§ **Task prompt**:
Give back each entry word for word, but drop the images.

┏━━

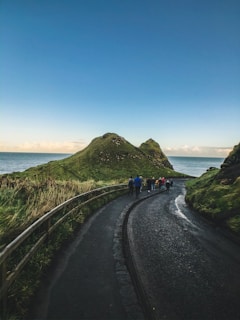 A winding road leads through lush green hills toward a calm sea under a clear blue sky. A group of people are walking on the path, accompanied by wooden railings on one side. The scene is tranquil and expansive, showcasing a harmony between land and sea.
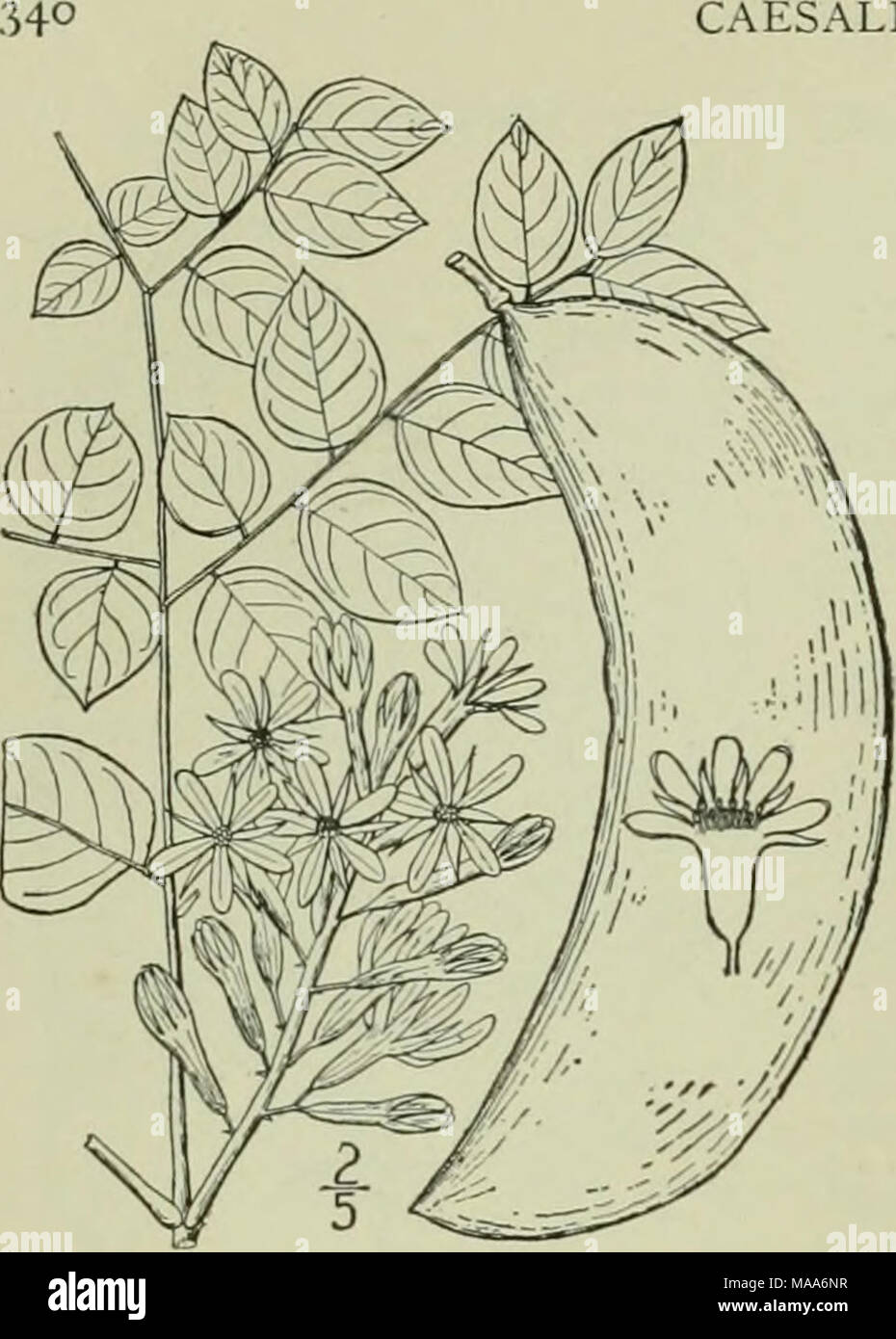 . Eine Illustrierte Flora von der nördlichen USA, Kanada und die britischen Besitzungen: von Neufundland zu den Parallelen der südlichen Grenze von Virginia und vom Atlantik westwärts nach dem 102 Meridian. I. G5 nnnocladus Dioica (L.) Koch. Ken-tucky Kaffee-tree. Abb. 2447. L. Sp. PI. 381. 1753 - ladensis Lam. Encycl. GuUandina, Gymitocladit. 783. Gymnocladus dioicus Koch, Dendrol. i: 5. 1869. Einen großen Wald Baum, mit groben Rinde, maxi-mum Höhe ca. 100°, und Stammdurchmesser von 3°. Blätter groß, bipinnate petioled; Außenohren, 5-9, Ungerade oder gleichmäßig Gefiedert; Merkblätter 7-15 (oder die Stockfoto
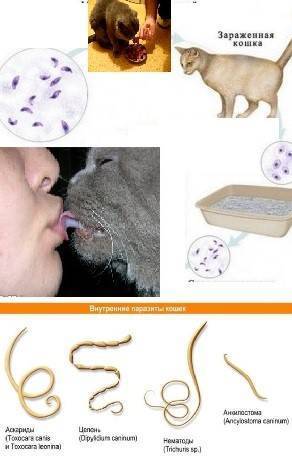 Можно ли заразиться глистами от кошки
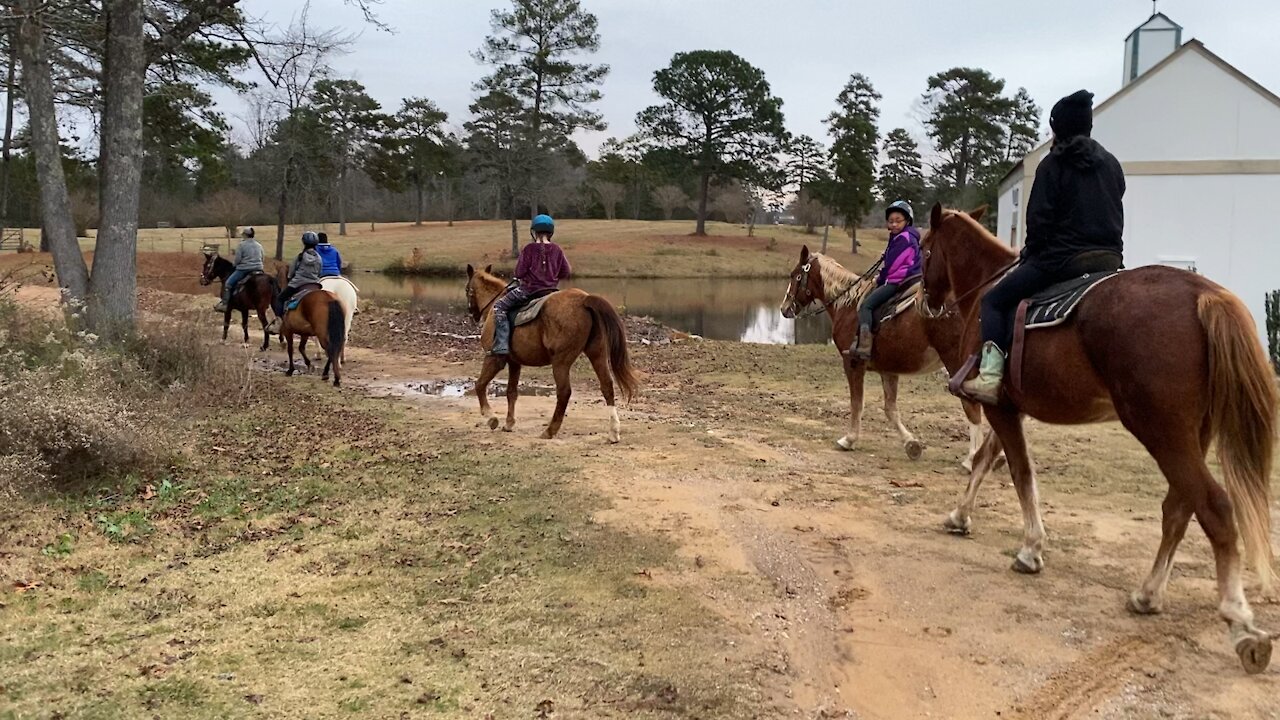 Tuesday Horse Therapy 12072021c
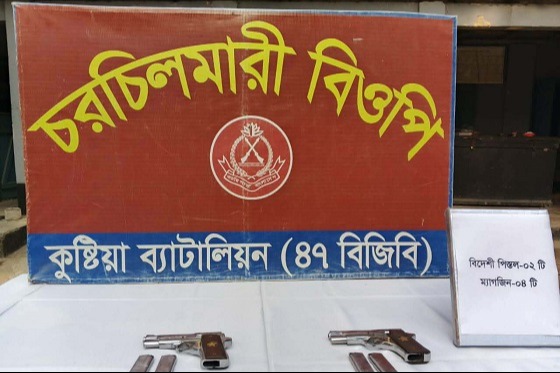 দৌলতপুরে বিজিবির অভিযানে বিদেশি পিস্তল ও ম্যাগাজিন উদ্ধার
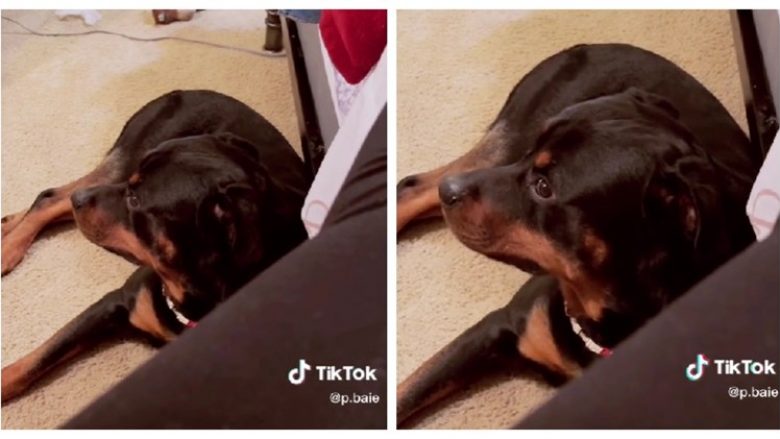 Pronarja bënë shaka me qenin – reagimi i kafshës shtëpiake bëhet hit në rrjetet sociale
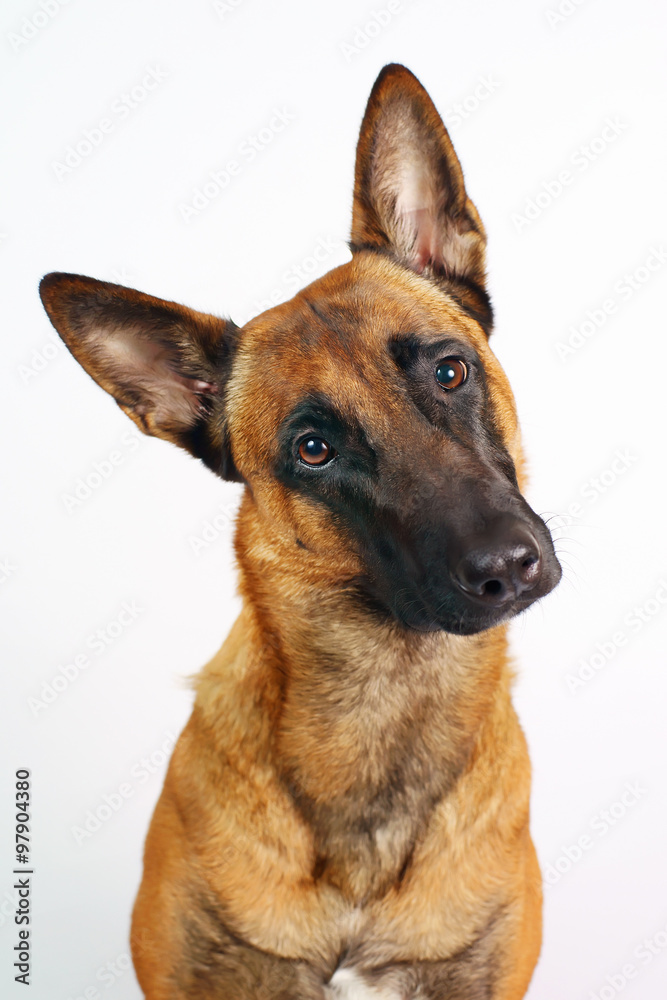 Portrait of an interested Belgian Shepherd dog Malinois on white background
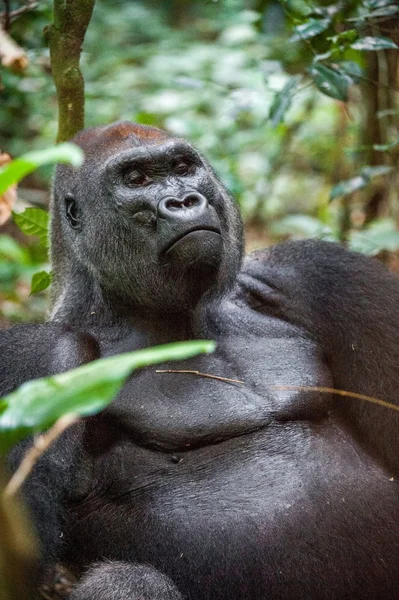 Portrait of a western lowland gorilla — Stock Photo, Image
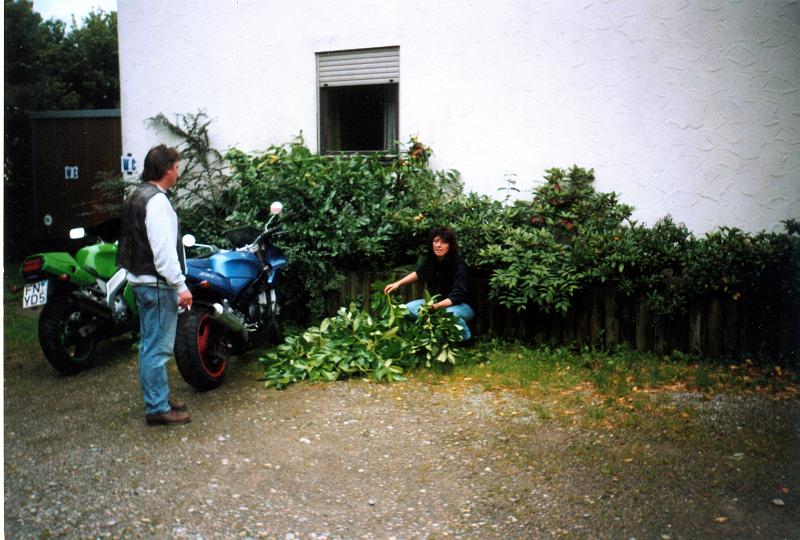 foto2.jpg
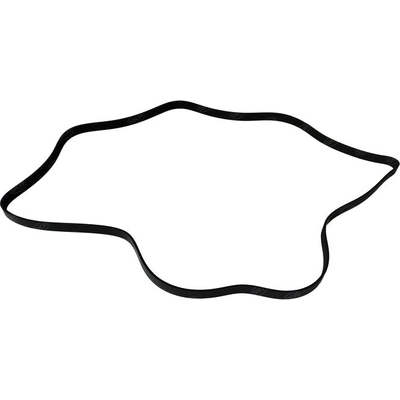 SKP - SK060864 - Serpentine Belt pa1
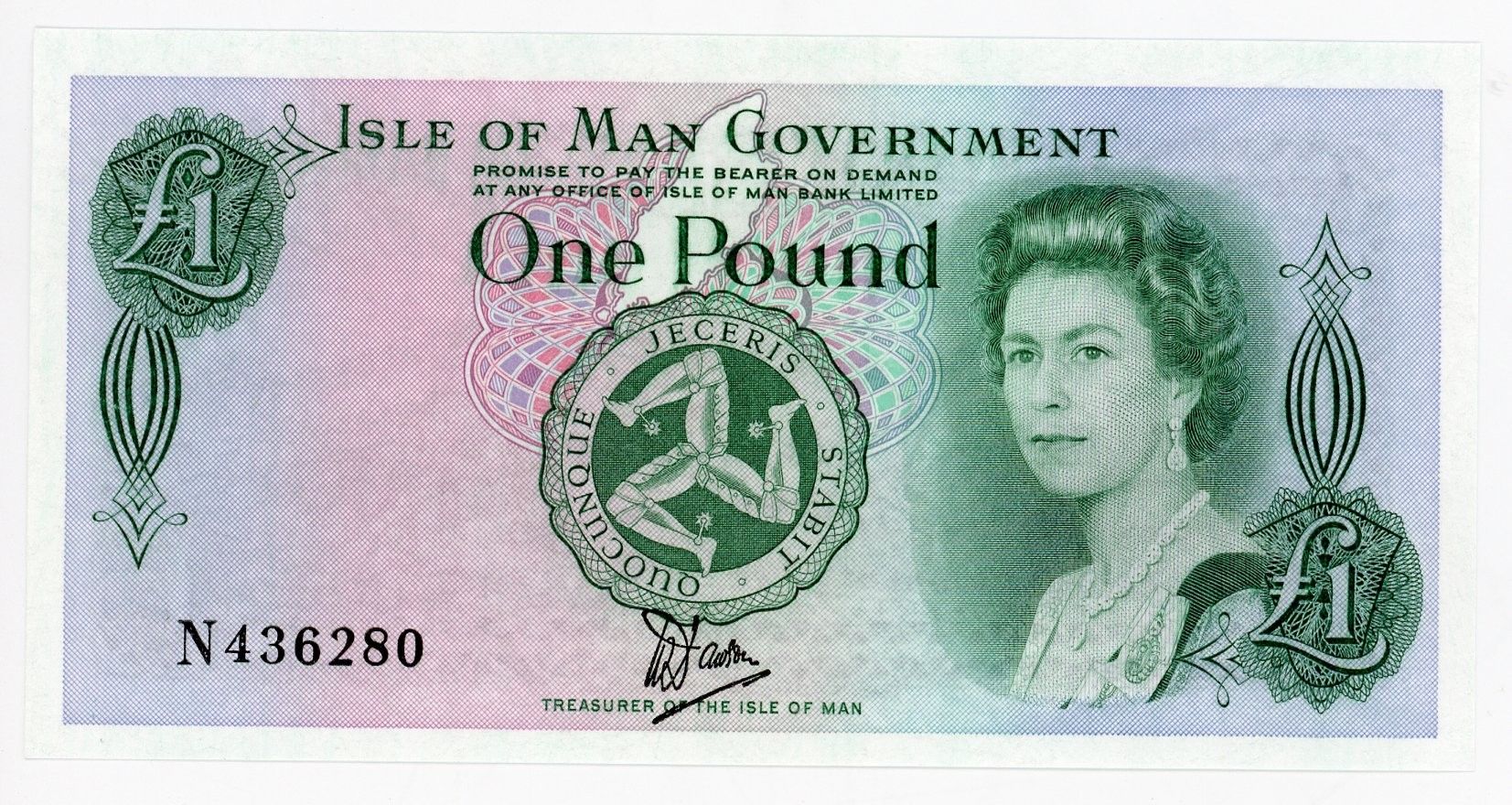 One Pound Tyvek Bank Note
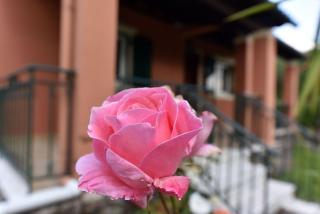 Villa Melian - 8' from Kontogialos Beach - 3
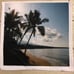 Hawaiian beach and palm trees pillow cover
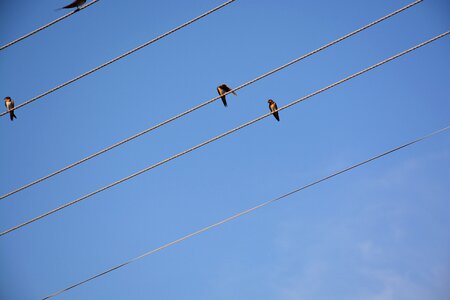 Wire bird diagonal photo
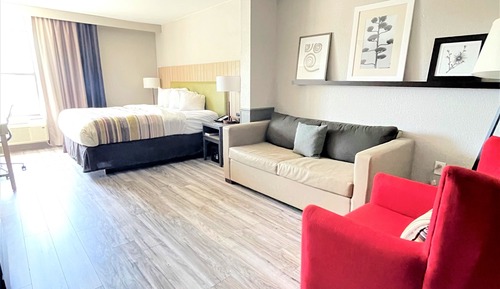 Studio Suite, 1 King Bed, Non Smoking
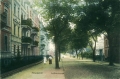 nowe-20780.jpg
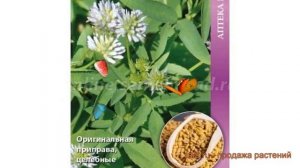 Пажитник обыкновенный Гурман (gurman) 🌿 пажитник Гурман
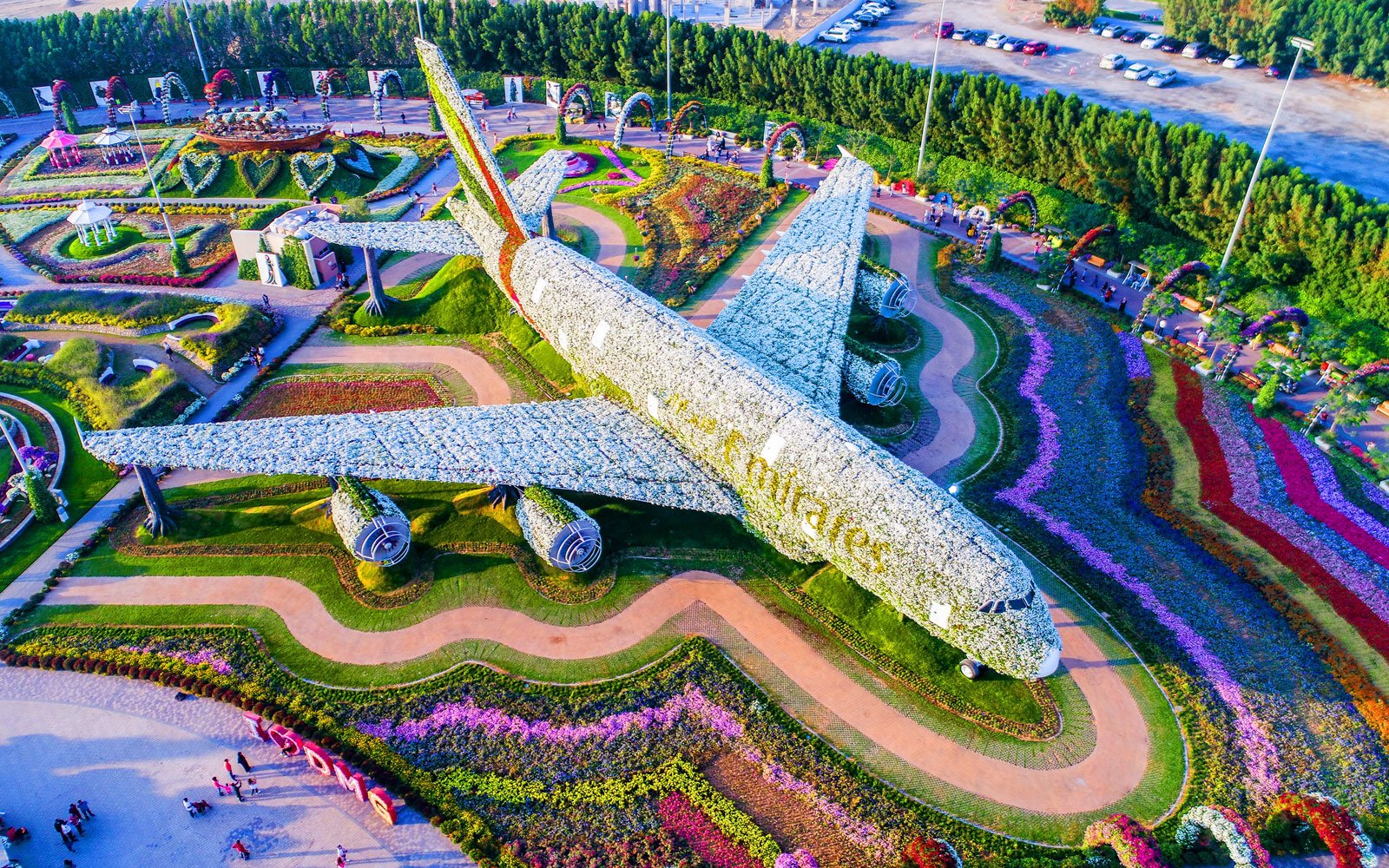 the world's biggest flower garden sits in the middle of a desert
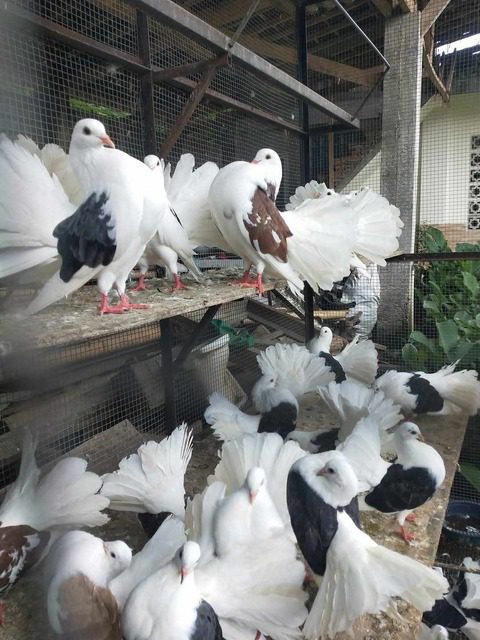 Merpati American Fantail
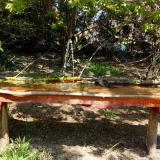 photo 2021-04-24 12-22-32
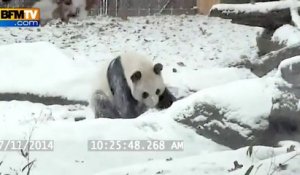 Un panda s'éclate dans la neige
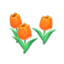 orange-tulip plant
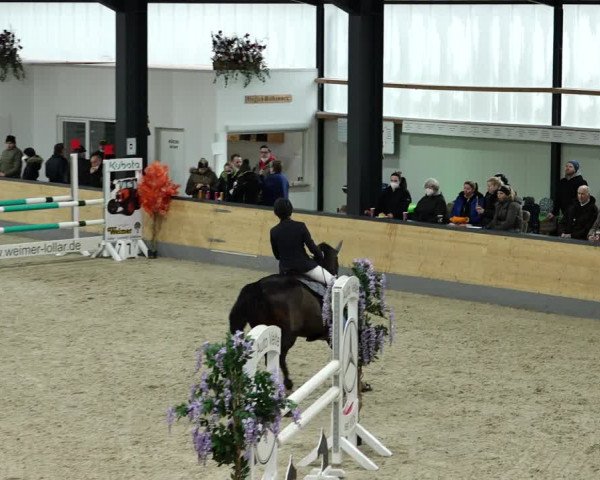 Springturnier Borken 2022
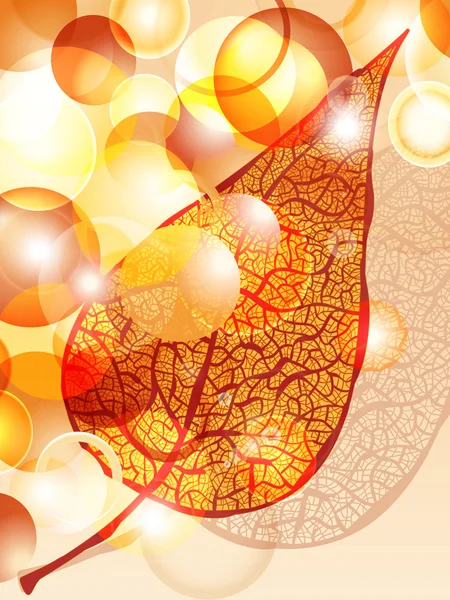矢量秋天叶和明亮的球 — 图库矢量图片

┗━━

§ **Exercise solution**:
 A winding road leads through lush green hills toward a calm sea under a clear blue sky. A group of people are walking on the path, accompanied by wooden railings on one side. The scene is tranquil and expansive, showcasing a harmony between land and sea.
 . Eine Illustrierte Flora von der nördlichen USA, Kanada und die britischen Besitzungen: von Neufundland zu den Parallelen der südlichen Grenze von Virginia und vom Atlantik westwärts nach dem 102 Meridian. I. G5 nnnocladus Dioica (L.) Koch. Ken-tucky Kaffee-tree. Abb. 2447. L. Sp. PI. 381. 1753 - ladensis Lam. Encycl. GuUandina, Gymitocladit. 783. Gymnocladus dioicus Koch, Dendrol. i: 5. 1869. Einen großen Wald Baum, mit groben Rinde, maxi-mum Höhe ca. 100°, und Stammdurchmesser von 3°. Blätter groß, bipinnate petioled; Außenohren, 5-9, Ungerade oder gleichmäßig Gefiedert; Merkblätter 7-15 (oder die Stockfoto
 Можно ли заразиться глистами от кошки
 Tuesday Horse Therapy 12072021c
 দৌলতপুরে বিজিবির অভিযানে বিদেশি পিস্তল ও ম্যাগাজিন উদ্ধার
 Pronarja bënë shaka me qenin – reagimi i kafshës shtëpiake bëhet hit në rrjetet sociale
 Portrait of an interested Belgian Shepherd dog Malinois on white background
 Portrait of a western lowland gorilla — Stock Photo, Image
 foto2.jpg
 SKP - SK060864 - Serpentine Belt pa1
 One Pound Tyvek Bank Note
 Villa Melian - 8' from Kontogialos Beach - 3
 Hawaiian beach and palm trees pillow cover
 Wire bird diagonal photo
 Studio Suite, 1 King Bed, Non Smoking
 nowe-20780.jpg
 Пажитник обыкновенный Гурман (gurman) 🌿 пажитник Гурман
 the world's biggest flower garden sits in the middle of a desert
 Merpati American Fantail
 photo 2021-04-24 12-22-32
 Un panda s'éclate dans la neige
 orange-tulip plant
 Springturnier Borken 2022
矢量秋天叶和明亮的球 — 图库矢量图片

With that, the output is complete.